Task: Once you find the line below that has "The Potter's Palette by Constant, Christine", output it and every line after it exactly, stopping after the line that has "M12 REDLITHIUM XC", with no pictures.

Extracted records:
------------------------------------

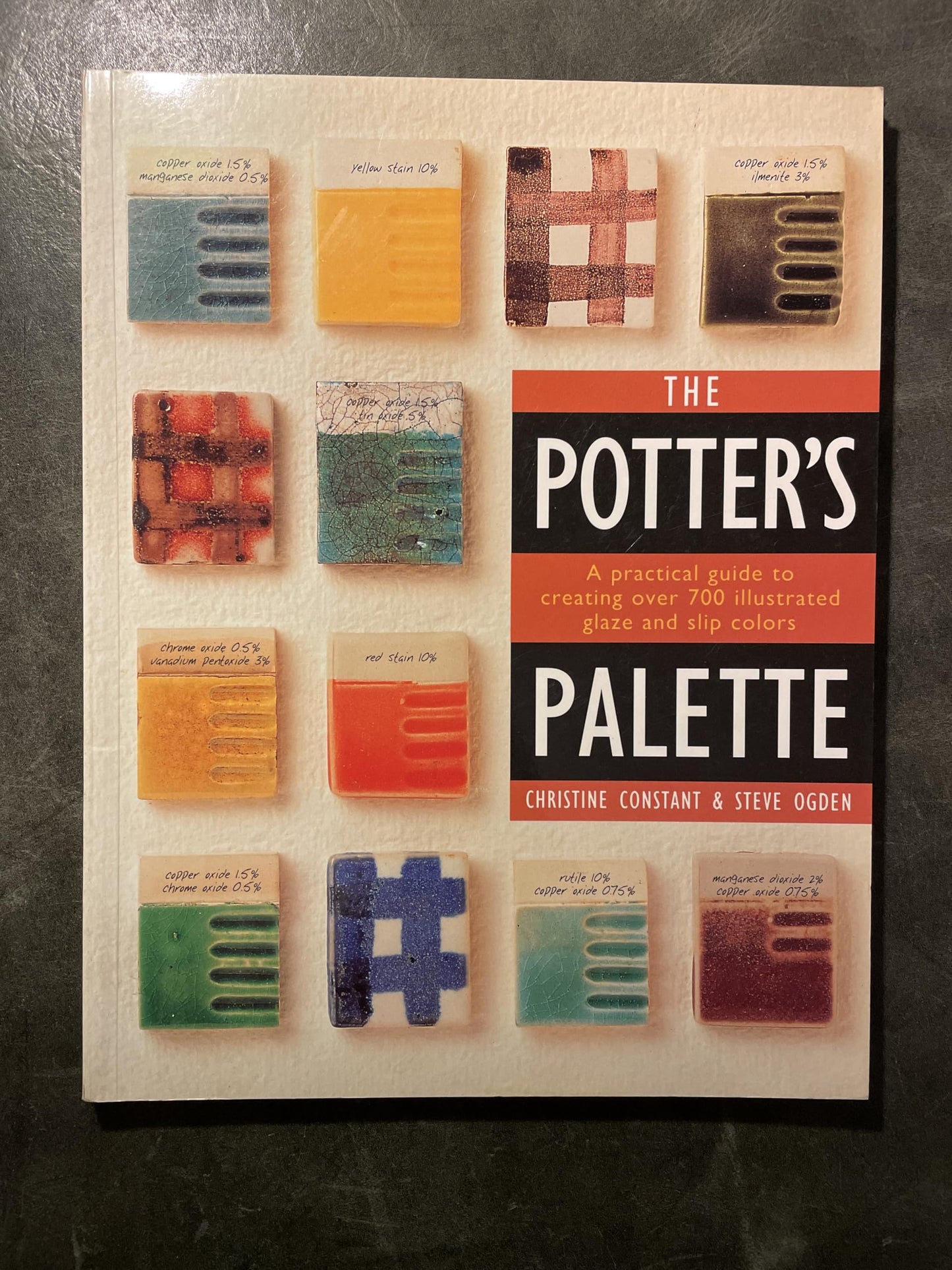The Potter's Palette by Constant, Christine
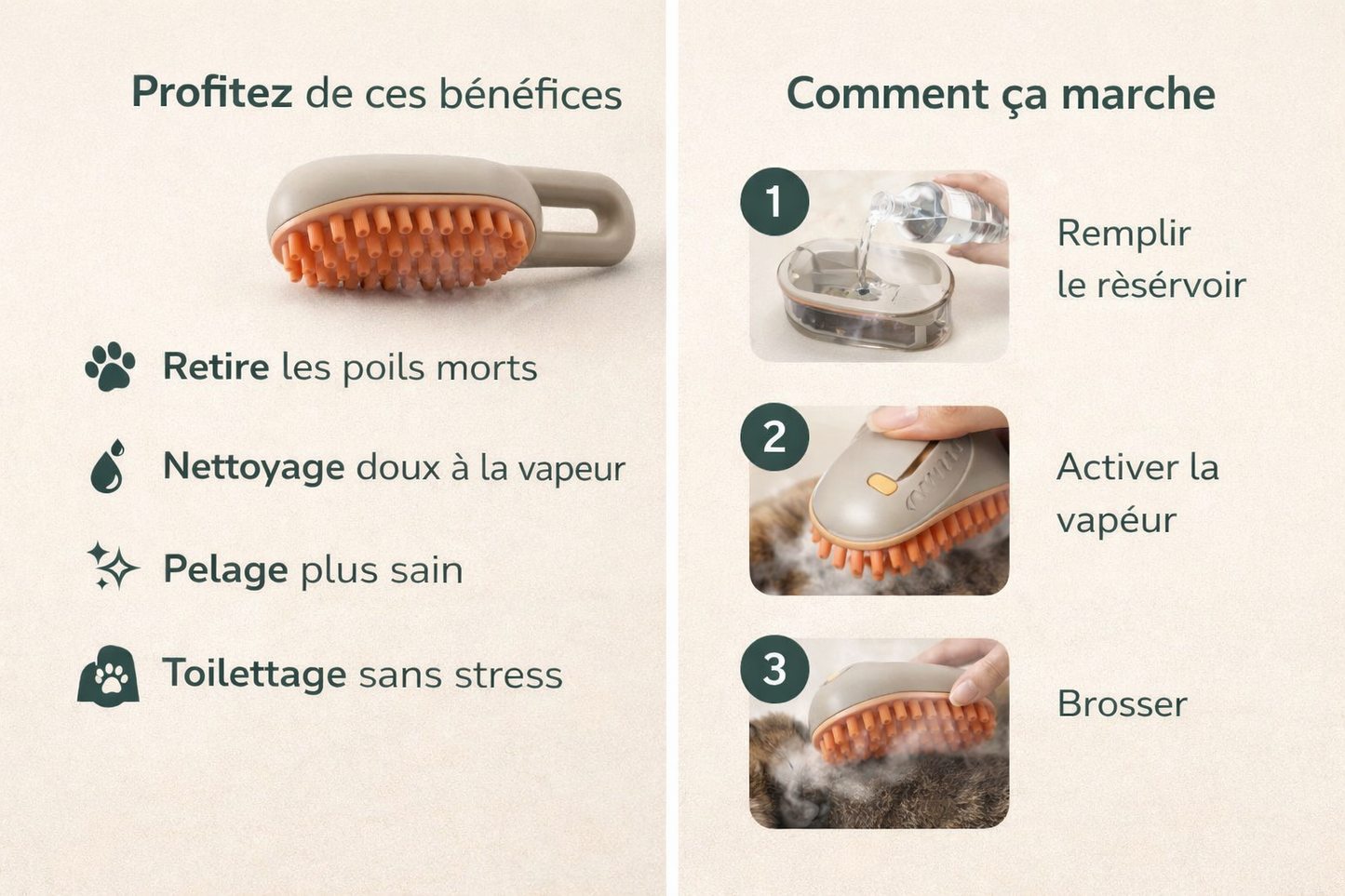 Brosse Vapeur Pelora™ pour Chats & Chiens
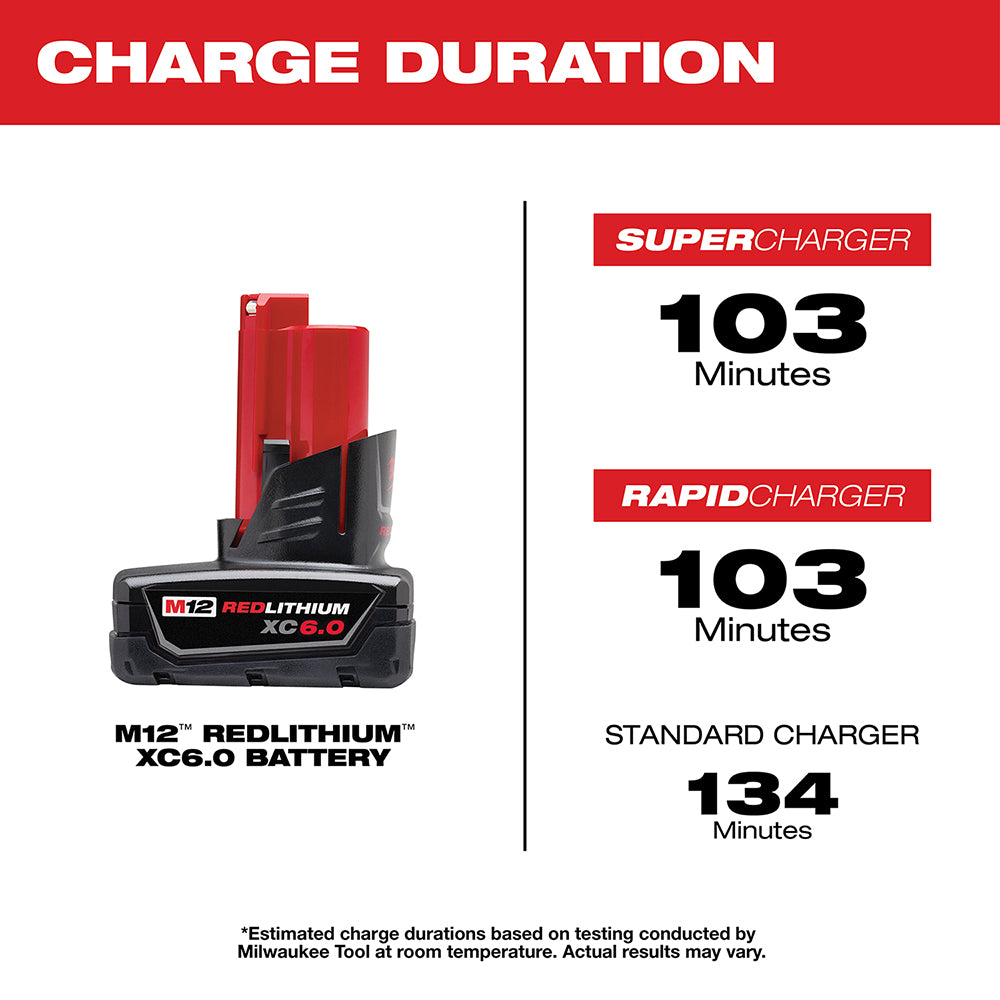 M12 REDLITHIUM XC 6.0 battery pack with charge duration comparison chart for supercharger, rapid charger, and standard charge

------------------------------------

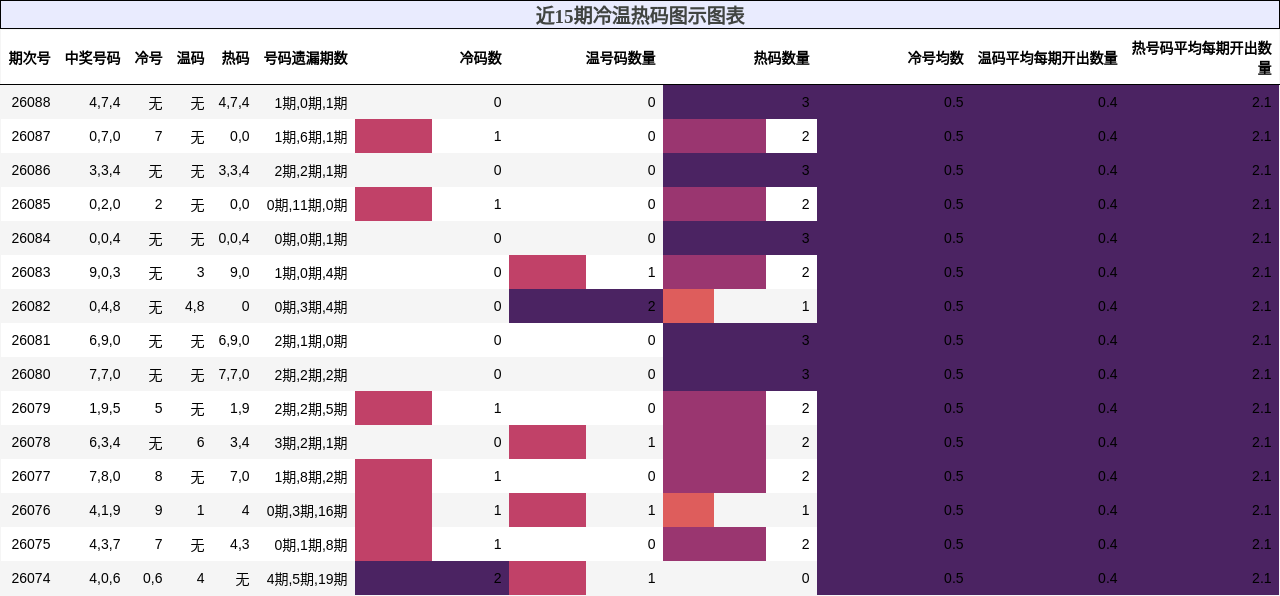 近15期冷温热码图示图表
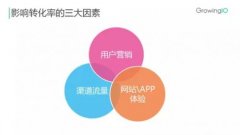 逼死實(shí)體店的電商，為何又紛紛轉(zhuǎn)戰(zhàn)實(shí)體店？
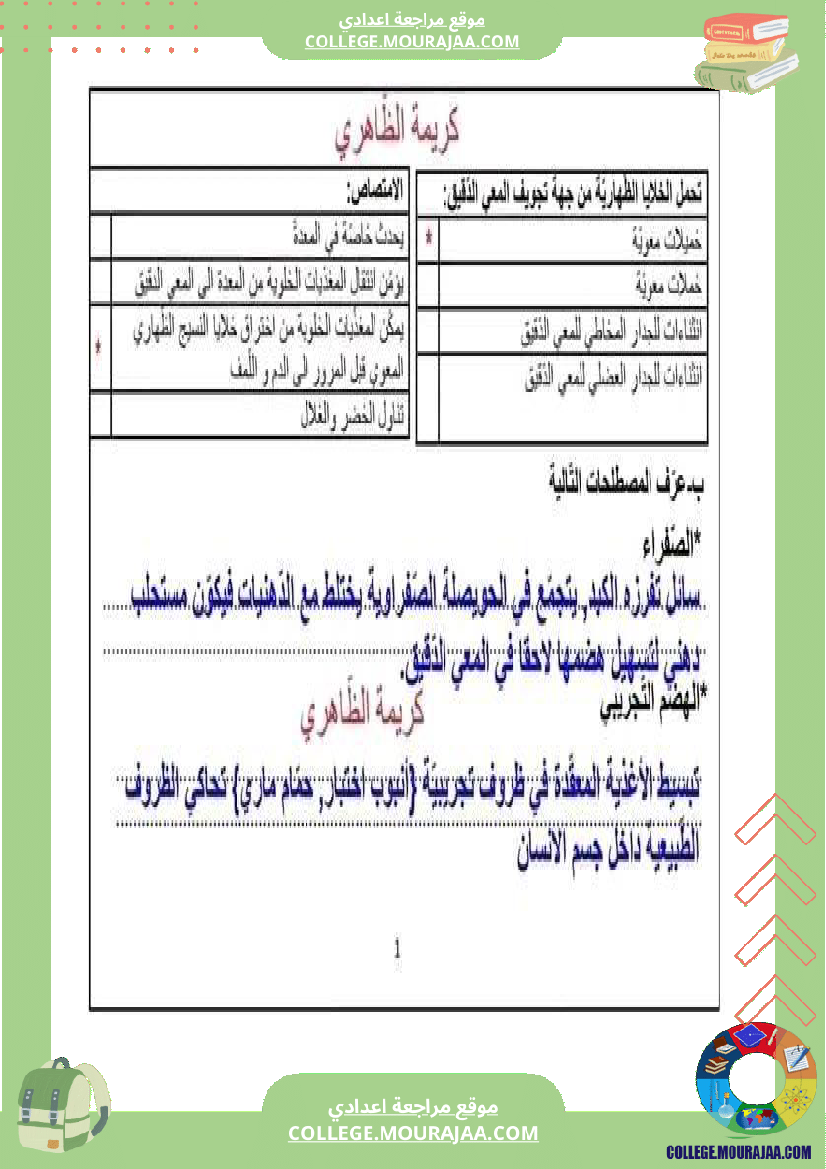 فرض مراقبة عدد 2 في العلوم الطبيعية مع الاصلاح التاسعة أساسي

------------------------------------

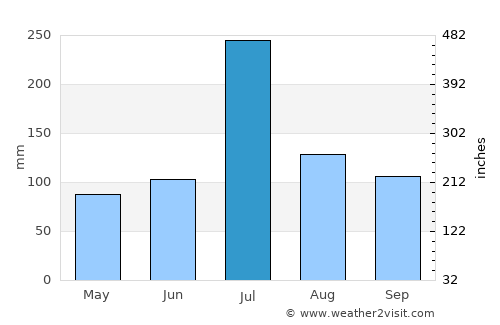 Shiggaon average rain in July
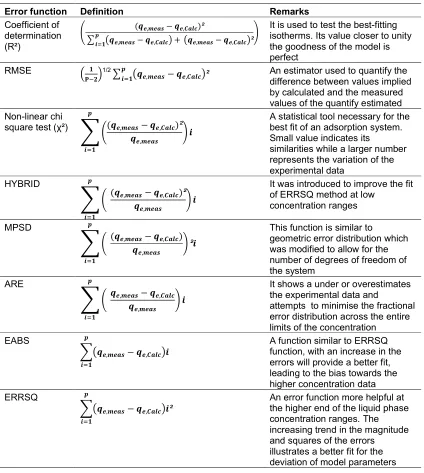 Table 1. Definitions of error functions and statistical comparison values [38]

------------------------------------

Solution to this problem:
The Potter's Palette by Constant, Christine
 Brosse Vapeur Pelora™ pour Chats & Chiens
 M12 REDLITHIUM XC 6.0 battery pack with charge duration comparison chart for supercharger, rapid charger, and standard charge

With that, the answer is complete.